Award Abstract # 2004932
Collaborative Research: Frameworks: funcX: A Function Execution Service for Portability and Performance

NSF Org: OAC
Office of Advanced Cyberinfrastructure (OAC)
Recipient: UNIVERSITY OF ILLINOIS
Initial Amendment Date: April 17, 2020
Latest Amendment Date: April 17, 2020
Award Number: 2004932
Award Instrument: Standard Grant
Program Manager: Marlon Pierce
mpierce@nsf.gov
 (703)292-7743
OAC
 Office of Advanced Cyberinfrastructure (OAC)
CSE
 Directorate for Computer and Information Science and Engineering
Start Date: May 1, 2020
End Date: April 30, 2025 (Estimated)
Total Intended Award Amount: $481,234.00
Total Awarded Amount to Date: $481,234.00
Funds Obligated to Date: FY 2020 = $481,234.00
History of Investigator:
  • Daniel Katz (Principal Investigator)
    dskatz@illinois.edu
Recipient Sponsored Research Office: University of Illinois at Urbana-Champaign
506 S WRIGHT ST
URBANA
IL  US  61801-3620
(217)333-2187
Sponsor Congressional District: 13
Primary Place of Performance: Board of Trustees of the University of Illinois
506 S Wright St
Urbana
IL  US  61801-3620
Primary Place of Performance
Congressional District:
13
Unique Entity Identifier (UEI): Y8CWNJRCNN91
Parent UEI: V2PHZ2CSCH63
NSF Program(s): Software Institutes
Primary Program Source: 01002021DB NSF RESEARCH & RELATED ACTIVIT
Program Reference Code(s): 7925, 077Z, 8004
Program Element Code(s): 800400
Award Agency Code: 4900
Fund Agency Code: 4900
Assistance Listing Number(s): 47.070

ABSTRACT

The funcX project is developing, deploying, and operating a new distributed computing cyberinfrastructure platform to enable researchers to build applications from programming functions that execute on different computing resources, from laptops to supercomputers. This cloud-hosted service democratizes access to advanced computing by providing intuitive interfaces for both registering remote computers as function executors and executing functions on these computers reliably, securely, and with high performance. Researchers can thus decompose monolithic applications into collections of reusable lightweight functions that can be run wherever makes the most sense, for example where data reside or where excess capacity is available. By simplifying access to specialized and high performance cyberinfrastructure and decreasing the time to discovery, the project serves the national interest, as stated in NSF's mission, by promoting the progress of science. A total of 33 diverse science, cyberinfrastructure, and software institute partners working with cutting-edge science applications and research cyberinfrastructure will directly benefit from the funcX platform.
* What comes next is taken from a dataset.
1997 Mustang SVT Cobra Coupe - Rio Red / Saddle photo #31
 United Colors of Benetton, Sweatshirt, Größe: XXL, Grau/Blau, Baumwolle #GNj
This project develops funcX, a scalable and high-performance federated platform for managing the remote execution of (often short-duration) functions across diverse cyberinfrastructure systems, from edge accelerators to clusters, supercomputers, and clouds. funcX allows developers to decompose applications into collections of functions that can each be executed in the best location, in terms of cost, execution time, data movement costs, and/or energy consumption. It thus integrates the extreme convenience of the function as a service (FaaS) model, developed in industry for specific industry applications, with support for the specialized needs of scientific research. funcX addresses important barriers to these new uses of research cyberinfrastructure systems, by enabling the intuitive, flexible, and scalable execution of functions without regard to physical location, scheduler architecture, virtualization technology, administrative domain, or data location. Flexible open-source funcX agent software makes it easy to expose arbitrary computing systems as funcX computing platforms, thereby transforming existing cyberinfrastructure systems into high-performance function serving environments (endpoints). The cloud-hosted funcX service provides a REST interface for registering functions, discovering available endpoints, and managing the execution of functions on endpoints, all via a universal trust fabric and standard web authentication and authorization mechanisms. It dynamically creates and deploys containers that incorporate function dependencies and provide a secure and isolated environment for safe function execution. The project engages a diverse set of 11 science partners, 18 research computing and cyberinfrastructure projects, and 4 NSF Software Institutes, each supporting many NSF-funded researchers, to provide use cases for funcX, shape its design, and evaluate its implementation.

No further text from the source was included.